*** Extracted entries Section Begins ***
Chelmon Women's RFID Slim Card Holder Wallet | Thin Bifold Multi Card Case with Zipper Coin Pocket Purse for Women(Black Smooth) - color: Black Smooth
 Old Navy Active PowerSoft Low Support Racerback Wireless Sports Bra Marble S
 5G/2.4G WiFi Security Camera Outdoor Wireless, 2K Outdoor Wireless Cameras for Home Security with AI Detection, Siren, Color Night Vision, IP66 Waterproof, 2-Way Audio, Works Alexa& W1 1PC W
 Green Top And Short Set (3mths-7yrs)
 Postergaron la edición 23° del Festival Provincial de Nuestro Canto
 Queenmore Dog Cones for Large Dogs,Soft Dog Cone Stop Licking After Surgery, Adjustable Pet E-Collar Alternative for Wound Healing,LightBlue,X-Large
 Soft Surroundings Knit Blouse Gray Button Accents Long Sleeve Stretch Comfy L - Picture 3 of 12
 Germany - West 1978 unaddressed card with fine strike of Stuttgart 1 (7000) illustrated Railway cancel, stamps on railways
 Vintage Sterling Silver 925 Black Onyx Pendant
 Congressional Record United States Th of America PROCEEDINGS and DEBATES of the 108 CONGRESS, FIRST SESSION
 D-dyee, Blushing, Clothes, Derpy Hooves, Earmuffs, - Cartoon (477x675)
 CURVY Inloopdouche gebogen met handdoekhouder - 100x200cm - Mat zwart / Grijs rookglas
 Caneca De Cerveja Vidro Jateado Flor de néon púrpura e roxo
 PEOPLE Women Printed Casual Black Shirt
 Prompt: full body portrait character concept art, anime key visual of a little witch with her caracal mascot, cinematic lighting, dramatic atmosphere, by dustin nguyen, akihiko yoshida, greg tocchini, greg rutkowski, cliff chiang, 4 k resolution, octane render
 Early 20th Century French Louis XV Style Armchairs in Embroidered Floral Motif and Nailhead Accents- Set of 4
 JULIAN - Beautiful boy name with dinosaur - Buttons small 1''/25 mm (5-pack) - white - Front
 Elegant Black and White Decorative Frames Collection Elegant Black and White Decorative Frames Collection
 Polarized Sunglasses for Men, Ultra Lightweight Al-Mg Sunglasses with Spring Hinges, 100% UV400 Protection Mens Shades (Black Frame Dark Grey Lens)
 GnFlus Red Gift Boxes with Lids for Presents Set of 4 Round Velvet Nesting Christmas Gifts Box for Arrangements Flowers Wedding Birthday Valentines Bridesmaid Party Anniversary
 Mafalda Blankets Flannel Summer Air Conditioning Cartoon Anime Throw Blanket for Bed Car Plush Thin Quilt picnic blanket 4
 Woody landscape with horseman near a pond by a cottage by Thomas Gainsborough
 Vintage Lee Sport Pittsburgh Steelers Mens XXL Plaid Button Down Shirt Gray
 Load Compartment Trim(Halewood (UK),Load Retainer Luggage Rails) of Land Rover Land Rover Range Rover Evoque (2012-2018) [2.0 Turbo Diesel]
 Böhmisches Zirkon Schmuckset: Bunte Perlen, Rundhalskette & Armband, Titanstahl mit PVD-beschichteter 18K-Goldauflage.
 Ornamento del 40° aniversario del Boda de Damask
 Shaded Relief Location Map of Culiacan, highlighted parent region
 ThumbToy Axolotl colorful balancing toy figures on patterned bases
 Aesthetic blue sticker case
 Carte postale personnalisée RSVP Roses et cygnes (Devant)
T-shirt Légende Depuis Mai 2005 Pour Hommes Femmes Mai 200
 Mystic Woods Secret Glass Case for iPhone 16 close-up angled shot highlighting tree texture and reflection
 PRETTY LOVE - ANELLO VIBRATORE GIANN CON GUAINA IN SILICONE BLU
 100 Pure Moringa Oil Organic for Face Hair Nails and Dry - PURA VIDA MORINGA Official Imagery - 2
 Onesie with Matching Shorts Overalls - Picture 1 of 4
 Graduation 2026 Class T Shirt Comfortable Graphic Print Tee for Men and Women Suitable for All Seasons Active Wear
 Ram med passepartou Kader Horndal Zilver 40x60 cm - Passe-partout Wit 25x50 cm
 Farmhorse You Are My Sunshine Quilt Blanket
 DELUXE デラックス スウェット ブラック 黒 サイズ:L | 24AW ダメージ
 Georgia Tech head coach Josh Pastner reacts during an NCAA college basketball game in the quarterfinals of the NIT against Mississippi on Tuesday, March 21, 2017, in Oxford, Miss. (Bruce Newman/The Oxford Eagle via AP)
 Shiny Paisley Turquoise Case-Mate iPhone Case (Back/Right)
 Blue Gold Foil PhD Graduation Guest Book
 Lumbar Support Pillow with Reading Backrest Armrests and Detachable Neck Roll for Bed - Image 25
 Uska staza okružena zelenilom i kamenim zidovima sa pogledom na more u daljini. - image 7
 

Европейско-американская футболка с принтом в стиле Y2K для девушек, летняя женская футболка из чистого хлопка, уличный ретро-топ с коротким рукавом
*** Extracted entries Section Ends ***
> [Exercise requirements]:
Print each entry above again, exactly as it was given.

> [Solution below]:
Chelmon Women's RFID Slim Card Holder Wallet | Thin Bifold Multi Card Case with Zipper Coin Pocket Purse for Women(Black Smooth) - color: Black Smooth
 Old Navy Active PowerSoft Low Support Racerback Wireless Sports Bra Marble S
 5G/2.4G WiFi Security Camera Outdoor Wireless, 2K Outdoor Wireless Cameras for Home Security with AI Detection, Siren, Color Night Vision, IP66 Waterproof, 2-Way Audio, Works Alexa& W1 1PC W
 Green Top And Short Set (3mths-7yrs)
 Postergaron la edición 23° del Festival Provincial de Nuestro Canto
 Queenmore Dog Cones for Large Dogs,Soft Dog Cone Stop Licking After Surgery, Adjustable Pet E-Collar Alternative for Wound Healing,LightBlue,X-Large
 Soft Surroundings Knit Blouse Gray Button Accents Long Sleeve Stretch Comfy L - Picture 3 of 12
 Germany - West 1978 unaddressed card with fine strike of Stuttgart 1 (7000) illustrated Railway cancel, stamps on railways
 Vintage Sterling Silver 925 Black Onyx Pendant
 Congressional Record United States Th of America PROCEEDINGS and DEBATES of the 108 CONGRESS, FIRST SESSION
 D-dyee, Blushing, Clothes, Derpy Hooves, Earmuffs, - Cartoon (477x675)
 CURVY Inloopdouche gebogen met handdoekhouder - 100x200cm - Mat zwart / Grijs rookglas
 Caneca De Cerveja Vidro Jateado Flor de néon púrpura e roxo
 PEOPLE Women Printed Casual Black Shirt
 Prompt: full body portrait character concept art, anime key visual of a little witch with her caracal mascot, cinematic lighting, dramatic atmosphere, by dustin nguyen, akihiko yoshida, greg tocchini, greg rutkowski, cliff chiang, 4 k resolution, octane render
 Early 20th Century French Louis XV Style Armchairs in Embroidered Floral Motif and Nailhead Accents- Set of 4
 JULIAN - Beautiful boy name with dinosaur - Buttons small 1''/25 mm (5-pack) - white - Front
 Elegant Black and White Decorative Frames Collection Elegant Black and White Decorative Frames Collection
 Polarized Sunglasses for Men, Ultra Lightweight Al-Mg Sunglasses with Spring Hinges, 100% UV400 Protection Mens Shades (Black Frame Dark Grey Lens)
 GnFlus Red Gift Boxes with Lids for Presents Set of 4 Round Velvet Nesting Christmas Gifts Box for Arrangements Flowers Wedding Birthday Valentines Bridesmaid Party Anniversary
 Mafalda Blankets Flannel Summer Air Conditioning Cartoon Anime Throw Blanket for Bed Car Plush Thin Quilt picnic blanket 4
 Woody landscape with horseman near a pond by a cottage by Thomas Gainsborough
 Vintage Lee Sport Pittsburgh Steelers Mens XXL Plaid Button Down Shirt Gray
 Load Compartment Trim(Halewood (UK),Load Retainer Luggage Rails) of Land Rover Land Rover Range Rover Evoque (2012-2018) [2.0 Turbo Diesel]
 Böhmisches Zirkon Schmuckset: Bunte Perlen, Rundhalskette & Armband, Titanstahl mit PVD-beschichteter 18K-Goldauflage.
 Ornamento del 40° aniversario del Boda de Damask
 Shaded Relief Location Map of Culiacan, highlighted parent region
 ThumbToy Axolotl colorful balancing toy figures on patterned bases
 Aesthetic blue sticker case
 Carte postale personnalisée RSVP Roses et cygnes (Devant)
T-shirt Légende Depuis Mai 2005 Pour Hommes Femmes Mai 200
 Mystic Woods Secret Glass Case for iPhone 16 close-up angled shot highlighting tree texture and reflection
 PRETTY LOVE - ANELLO VIBRATORE GIANN CON GUAINA IN SILICONE BLU
 100 Pure Moringa Oil Organic for Face Hair Nails and Dry - PURA VIDA MORINGA Official Imagery - 2
 Onesie with Matching Shorts Overalls - Picture 1 of 4
 Graduation 2026 Class T Shirt Comfortable Graphic Print Tee for Men and Women Suitable for All Seasons Active Wear
 Ram med passepartou Kader Horndal Zilver 40x60 cm - Passe-partout Wit 25x50 cm
 Farmhorse You Are My Sunshine Quilt Blanket
 DELUXE デラックス スウェット ブラック 黒 サイズ:L | 24AW ダメージ
 Georgia Tech head coach Josh Pastner reacts during an NCAA college basketball game in the quarterfinals of the NIT against Mississippi on Tuesday, March 21, 2017, in Oxford, Miss. (Bruce Newman/The Oxford Eagle via AP)
 Shiny Paisley Turquoise Case-Mate iPhone Case (Back/Right)
 Blue Gold Foil PhD Graduation Guest Book
 Lumbar Support Pillow with Reading Backrest Armrests and Detachable Neck Roll for Bed - Image 25
 Uska staza okružena zelenilom i kamenim zidovima sa pogledom na more u daljini. - image 7
 

Европейско-американская футболка с принтом в стиле Y2K для девушек, летняя женская футболка из чистого хлопка, уличный ретро-топ с коротким рукавом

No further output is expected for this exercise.